Non-fatal on creation
The critical detail: auto-domain assignment during instance creation must not block the creation itself.
rust// In create_instance():
if let Err(e) = auto_assign_storage_domains(&state, &created.id, &created.name).await {
tracing::warn!(instance = %created.name, error = %e,
"Failed to auto-assign storage domains");
}If Cloudflare is down, if the domain already exists, if anything goes wrong -- the storage instance is still created. The user gets their MinIO, and they can assign domains later via the button.
The button endpoint
For existing instances that were created before this feature, we added a simple endpoint:
POST /api/v1/file-storage/{id}/auto-domainIt calls the same auto_assign_storage_domains helper. The dashboard shows an "Enable external access" card in the overview tab when no domains exist, matching the pattern used for app services.
What Caddy sees
When the function completes, Caddy's configuration contains two new route blocks. Simplified:
json{
"match": [{"host": ["system-storage-s3.sh0.app"]}],
"handle": [{
"handler": "reverse_proxy",
"upstreams": [{"dial": "172.18.0.5:9000"}]
}]
}Port 9000 is MinIO's S3 API. Port 9001 is the web console. Caddy handles TLS termination and certificate provisioning automatically.
The i18n dimension
This session also revealed a gap: dozens of hardcoded English strings across the file storage pages. "Console Username", "Enable subdomain", "Browse", "DNS Active", feature card descriptions -- all raw English.
We added 25 new translation keys across all five languages (English, French, Spanish, Portuguese, Swahili) and replaced every hardcoded string with t() calls. This matters because sh0 targets African developers, many of whom prefer French or Portuguese interfaces.

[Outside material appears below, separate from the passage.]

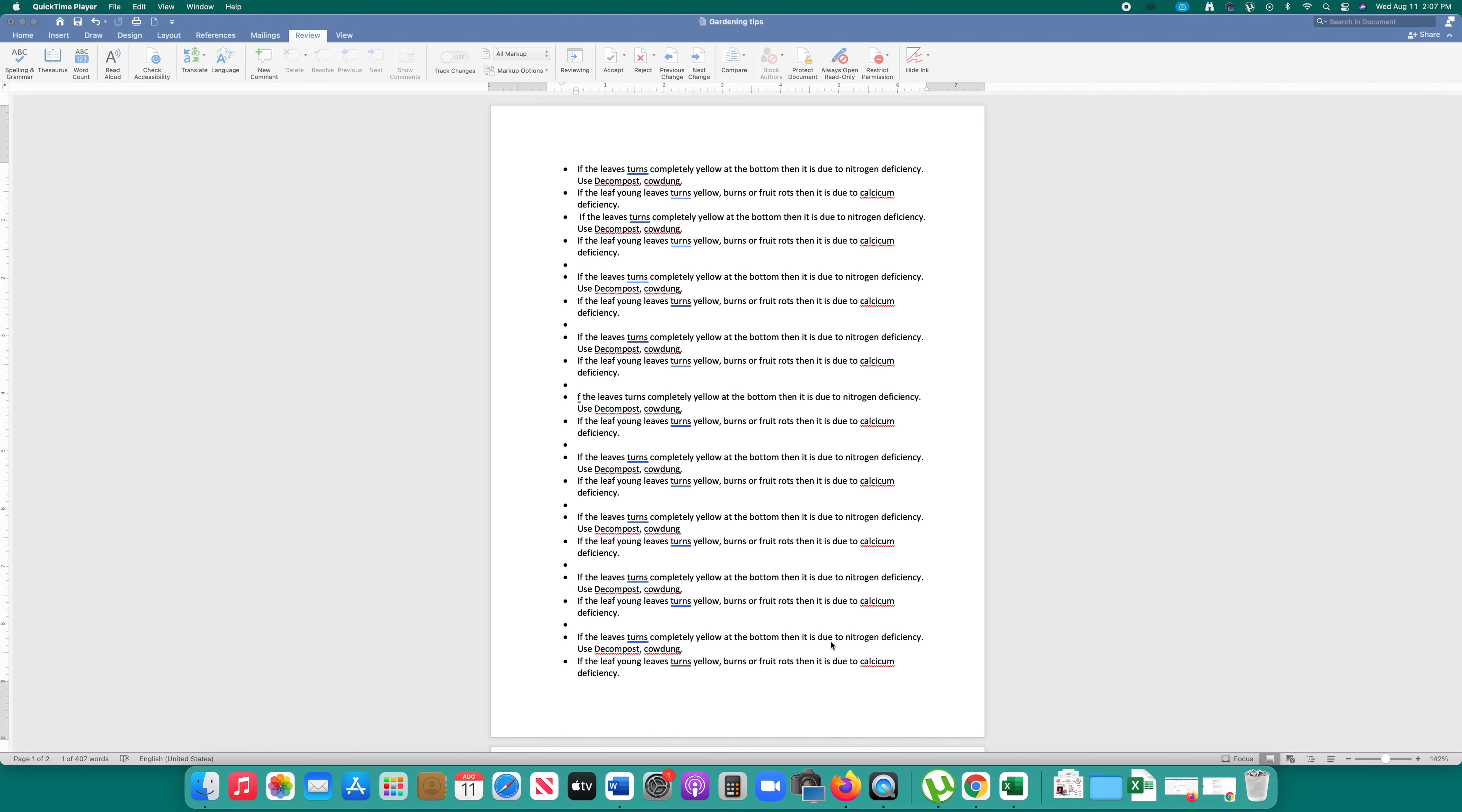In this video today we will see how to convert Microsoft Word document to PDF without using any extra software. Now for that one I am using this Microsoft Word 2019. I guess it is 2019.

The domains page (/domains) had the same problem -- table headers like "Service", "Status", "Instance", "Target" were all hardcoded. Fixed those too.
The pattern worth noting
The broader lesson here: when you build a feature for one category of resources (apps), design the underlying system (Caddy + Cloudflare integration) to be reusable. When we built the domain system for file storage a day earlier, we modeled it after the app domain system -- same database schema pattern, same proxy configuration logic, same DNS integration. That made auto-subdomains a matter of calling existing functions in the right order, not building new infrastructure.
The total implementation was one Rust helper function, one API endpoint, one route registration, and a handful of frontend changes. The hard work was already done.